Siamo riusciti a disarmare Hezbollah e a farne un partito politico e abbiamo già concordato un quarto della linea di confine concordata tra le parti.
La nostra difficoltà e i nostri rischi derivano dal fatto che la popolazione libanese deve restare convinta che conviene non usare le armi e che per costruire materialmente il confine tra i due Paesi si devono sminare più di un centinaio di km di campo minato antiuomo costruito da Israele a protezione da possibili attacchi.
Noi dobbiamo sminare i campi minati. A rischiare la vita, i nostri ragazzi più giovani, sui vent’anni.

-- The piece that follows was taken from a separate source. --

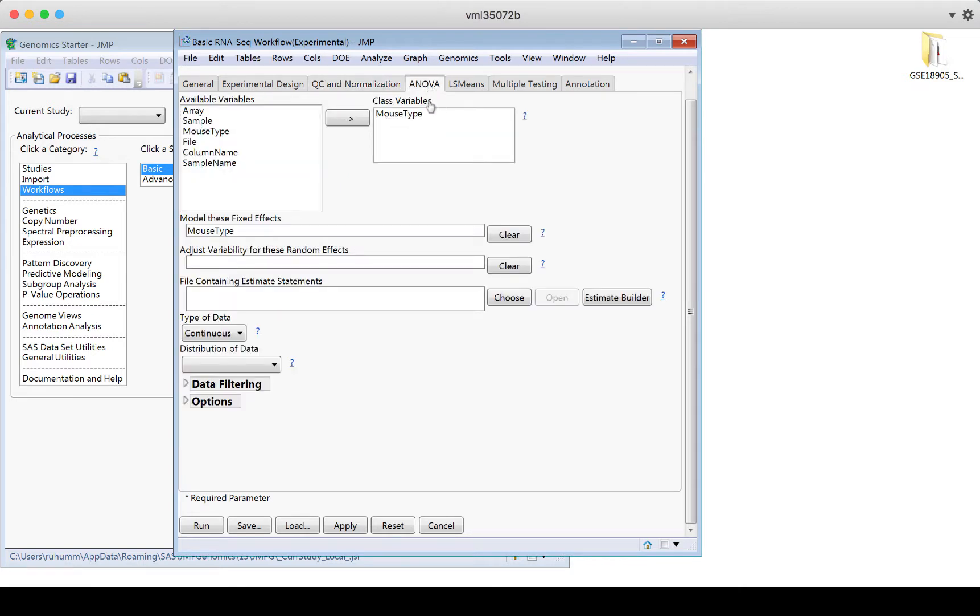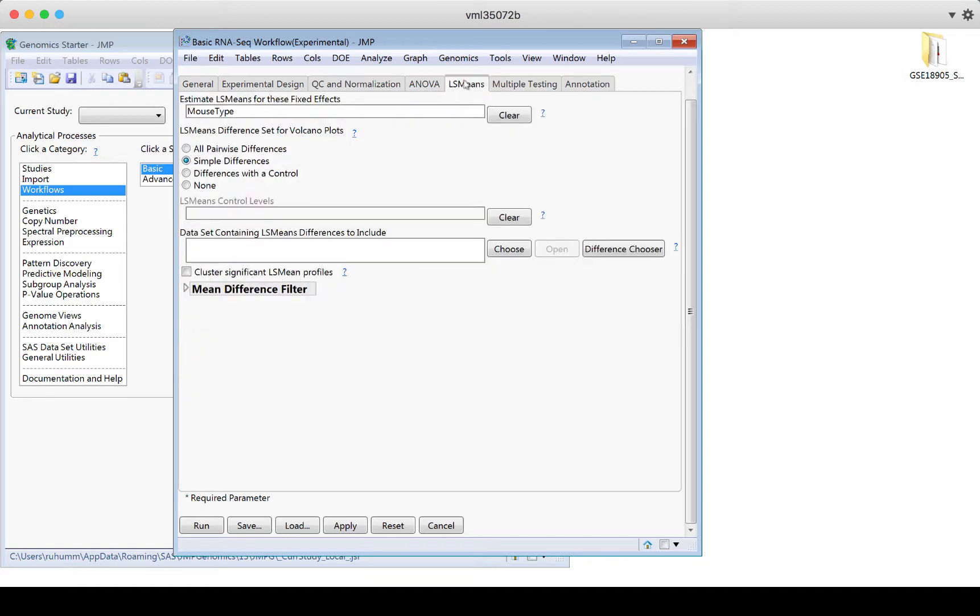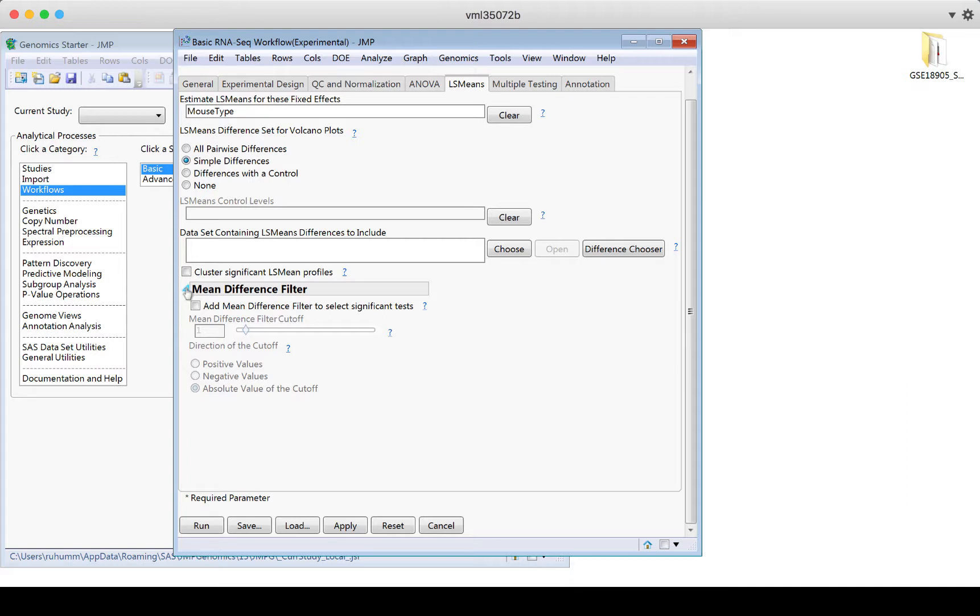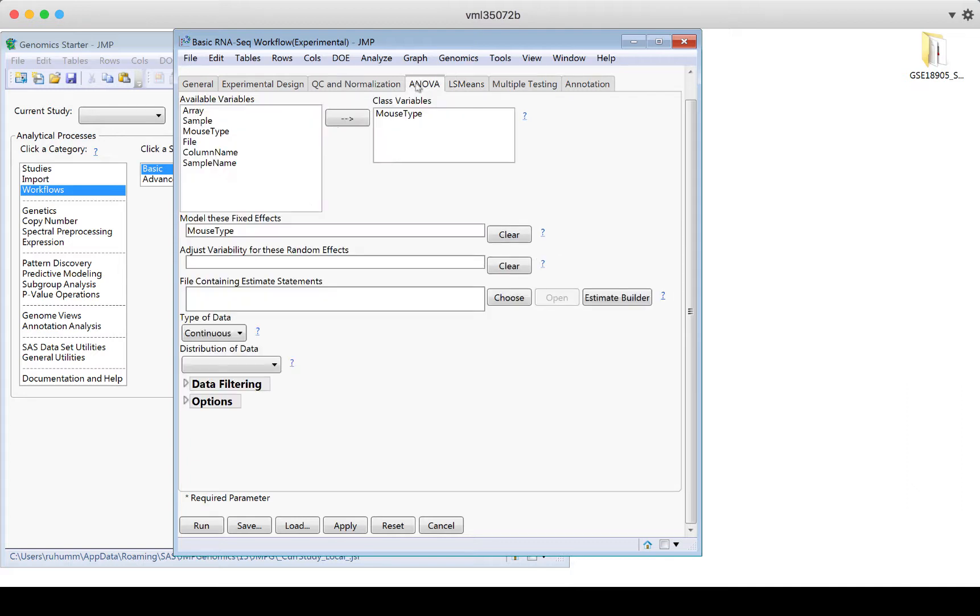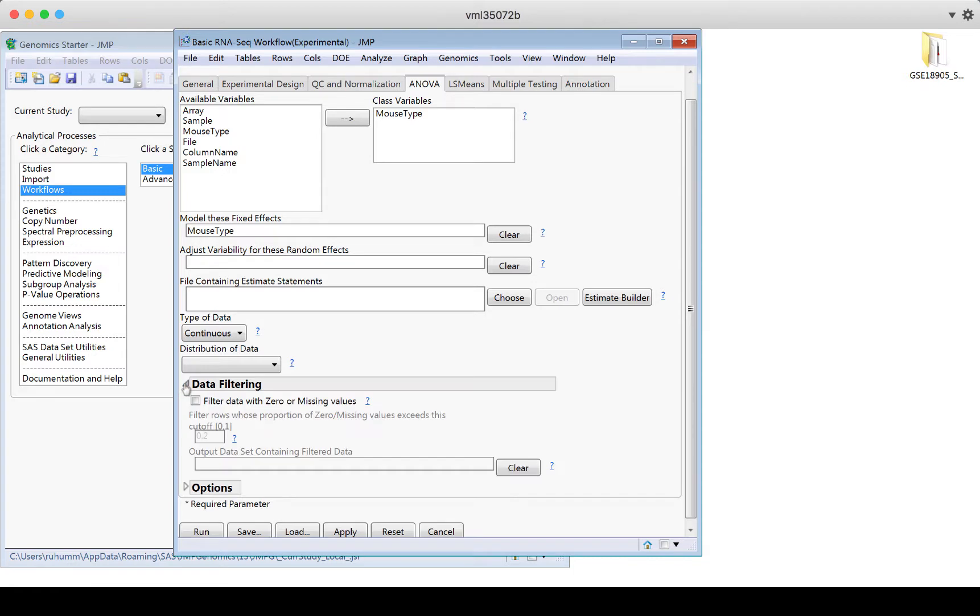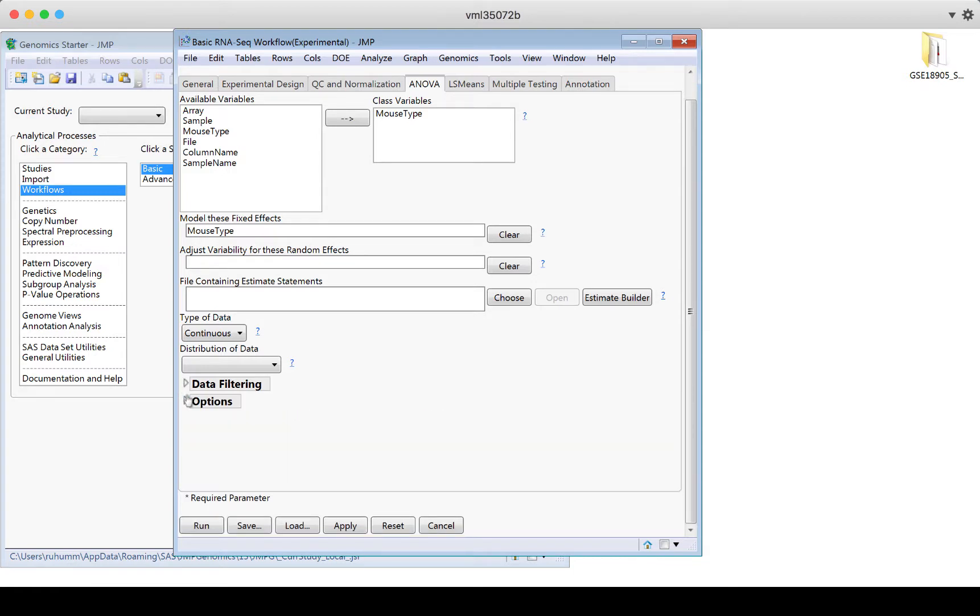Then I'll go to ANOVA. I see that I have one class variable. That's a categorical variable. So this is groups. So mouse type is the type of mouse. I'm going to use that as a fixed effect in the model. I'm not looking at any other random effects. I can always expand these buttons if I want to look for more options. These disclosure buttons are expandable. That was true on this tab as well. I could look at data filtering here. I can look at options.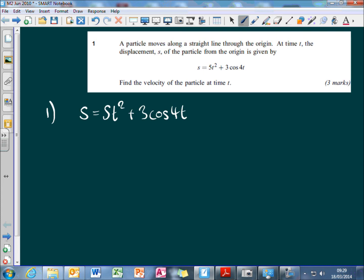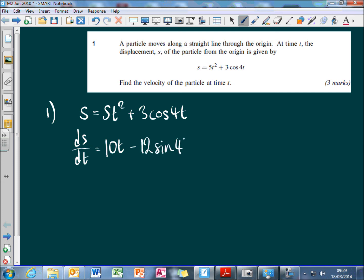Velocity is just its position differentiated with respect to time, so I just differentiate this expression, and I get 10t, and the differentiation of the second term is going to be minus 12 sine 4t.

Insomma, il nostro target è cresciuto orizzontalmente e siamo riusciti dare spazio alle Miss di Sonia Leonardi e ai volontari del Soccorso alpino, ai cultori di storia e ai soldati che vivono a contatto con la morte, agli economisti e agli scrittori, ai volontari e ai fotografi.
Ma dato che la nostra attività non conosce sosta, siamo andati anche a visitare le missioni sostenute dai Trentini in Kenia, che sono una piccola parte ma ugualmente significative.
Una legge della Provincia autonoma di Trento stabilisce che lo 0,12% del bilancio provinciale venga devoluto a beneficienza in paesi extracomunitari. E poiché la Giunta concede contributi solo alle associazioni che sono disposte a metterne altrettanti, il Trentino dà in beneficienza qualcosa come 25 milioni di euro.
Una cifra davvero considerevole, che ci pone ai vertici delle società che aiutano le comunità bisognose di aiuto.
Tali aiuti vengono dati per iniziative che vanno dall’Europa extracomunitaria al Sudamerica, dall’Africa nera all’Africa mediterranea, dal medio all’Estremo Oriente.
Noi siamo andati in Kenia per toccare con mano la sofferenza vera, autentica, e quello che le nostre associazioni fanno per alleviarla.
Siamo stati all’ospedale di Tabaka, che è diretto da un chirurgo Trentino, Padre Francesco Avi.
Abbiamo passato due giorni nella comunità di St Martin, dove il recupero esiste. Dove c’è speranza per tutti. E non solo speranza.
Siamo stati nelle comunità dove la nostra missione è quella di portare la pacificazione.
Siamo stati nelle comunità agricole, dove la nostra missione consiste nell’insegnare a coltivare e a vendere i loro prodotti.
Siamo stati negli orfanotrofi, dove i nostri Nonesi, leggendariamente avari, mantengono centinaia di ragazzi senza famiglia.
Siamo stati nelle bidonville di Nairobi, dove l’unico posto vivibile è la nostra scuola per bambini.
Siamo tornati dal Kenia con tutt’altra visione della vita…

Tutto questo non lo abbiamo detto per vantarci, non è nel nostro costume.
Noi con questo servizio abbiamo voluto solo per far conoscere ai nostri lettori di oggi che cosa abbiamo fatto in passato.
Non è niente di particolare, sia ben chiaro. Ma possiamo dire che c’eravamo. E che ci saremo ancora.